→ ASSIGNED TASK
Through the last line of the entries, please copy every line exactly, starting with the one that contains "Presentación del proyecto Pléyades.".

→ EXERCISE DATA
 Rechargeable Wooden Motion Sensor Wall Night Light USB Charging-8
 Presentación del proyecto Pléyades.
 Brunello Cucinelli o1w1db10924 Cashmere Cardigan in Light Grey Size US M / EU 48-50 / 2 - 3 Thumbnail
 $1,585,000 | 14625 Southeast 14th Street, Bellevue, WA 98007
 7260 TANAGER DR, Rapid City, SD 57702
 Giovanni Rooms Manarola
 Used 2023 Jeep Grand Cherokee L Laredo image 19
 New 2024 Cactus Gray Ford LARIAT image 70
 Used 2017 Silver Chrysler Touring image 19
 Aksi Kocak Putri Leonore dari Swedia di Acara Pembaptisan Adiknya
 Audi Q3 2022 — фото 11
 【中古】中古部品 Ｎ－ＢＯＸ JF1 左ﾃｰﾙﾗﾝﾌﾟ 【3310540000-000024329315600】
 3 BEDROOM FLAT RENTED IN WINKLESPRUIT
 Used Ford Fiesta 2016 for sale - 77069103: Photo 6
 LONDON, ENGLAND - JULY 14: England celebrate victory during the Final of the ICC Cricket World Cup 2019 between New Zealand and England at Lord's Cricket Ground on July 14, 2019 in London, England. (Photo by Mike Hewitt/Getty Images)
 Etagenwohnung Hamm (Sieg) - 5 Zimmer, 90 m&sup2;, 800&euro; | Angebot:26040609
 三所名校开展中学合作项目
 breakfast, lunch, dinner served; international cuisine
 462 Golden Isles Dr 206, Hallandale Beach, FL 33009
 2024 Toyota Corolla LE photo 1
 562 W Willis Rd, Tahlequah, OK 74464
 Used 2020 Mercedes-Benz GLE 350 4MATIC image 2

→ OUTPUT
 Presentación del proyecto Pléyades.
 Brunello Cucinelli o1w1db10924 Cashmere Cardigan in Light Grey Size US M / EU 48-50 / 2 - 3 Thumbnail
 $1,585,000 | 14625 Southeast 14th Street, Bellevue, WA 98007
 7260 TANAGER DR, Rapid City, SD 57702
 Giovanni Rooms Manarola
 Used 2023 Jeep Grand Cherokee L Laredo image 19
 New 2024 Cactus Gray Ford LARIAT image 70
 Used 2017 Silver Chrysler Touring image 19
 Aksi Kocak Putri Leonore dari Swedia di Acara Pembaptisan Adiknya
 Audi Q3 2022 — фото 11
 【中古】中古部品 Ｎ－ＢＯＸ JF1 左ﾃｰﾙﾗﾝﾌﾟ 【3310540000-000024329315600】
 3 BEDROOM FLAT RENTED IN WINKLESPRUIT
 Used Ford Fiesta 2016 for sale - 77069103: Photo 6
 LONDON, ENGLAND - JULY 14: England celebrate victory during the Final of the ICC Cricket World Cup 2019 between New Zealand and England at Lord's Cricket Ground on July 14, 2019 in London, England. (Photo by Mike Hewitt/Getty Images)
 Etagenwohnung Hamm (Sieg) - 5 Zimmer, 90 m&sup2;, 800&euro; | Angebot:26040609
 三所名校开展中学合作项目
 breakfast, lunch, dinner served; international cuisine
 462 Golden Isles Dr 206, Hallandale Beach, FL 33009
 2024 Toyota Corolla LE photo 1
 562 W Willis Rd, Tahlequah, OK 74464
 Used 2020 Mercedes-Benz GLE 350 4MATIC image 2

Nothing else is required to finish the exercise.